INTRODUCTION
Strategy determines the long-term direction of the organisation and comprises a
decision-making process and a management role. It enhances organisation
effectiveness by providing satisfaction to the personnel of the organisation. Business
strategy is a plan that integrates an organization’s major goals, policies, and action
sequence into a cohesive whole. Strategies provide the framework for plans by
guiding operating decisions and often pre-deciding them. If strategies are developed
carefully and understood properly by managers, they provide more consistent
framework for operational planning. If this consistency exists and applied, there
would be deployment of organisational resources in those areas where they find better
use.
       The concept of strategy first has to perform the function of reconstructing the
variables involved, namely identifying those that appear to have some impact in a
particular space-time context. In other words, the concept of strategy includes the ex-
post synthesis of the complexity of firm-environment relationships (Anderson, 1982;
Venkatraman and Camillus, 1984; Camerer, 1985); its role involves the reconstruction
of meanings, an aspect that is increasingly attracting attention (Pennings, 1985), such
as design, luck, opportunism and judgement.

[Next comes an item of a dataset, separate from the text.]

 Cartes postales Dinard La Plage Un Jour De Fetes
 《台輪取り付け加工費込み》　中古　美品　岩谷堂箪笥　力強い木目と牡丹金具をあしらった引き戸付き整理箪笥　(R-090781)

       Strategies focus on course of activities by specifying what activities are to be
undertaken for achieving organisational objectives. They make the organisational
objectives more comprehensive and specific. Strategies ensure organisational
effectiveness in several ways. The conception of effectiveness is that the organisation
is able to achieve its objectives within the given resources. Therefore, it is not only
necessary that resources are put to the best of their efficiency but also that they are put
in a way which ensures their maximum contribution to organisational objectives. This
can be achieved by taking strategic management, which states the objective of the
organisation in the context of given resources. Each resource of the organisation has a
specific use at a particular time. Thus, strategies ensure that resources are put in action
in a way in which these have been specified. Organisation will achieve effectiveness,
if it is done efficiently.
                                LITERATURE REVIEW
Human nature insists on a definition for every concept and strategy can be defined as
a set of guidelines to deal with a situation. The purpose of formulating a strategy is to
ensure that basic objectives of the organization are achieved, through a unified,
comprehensive and integrated procedure (Glueck, 1980:9). Many authors have
discussed about strategy and its establishment and according to Mintzberg, there are
five definitions of strategy; plan, ploy, pattern, position, and perspective.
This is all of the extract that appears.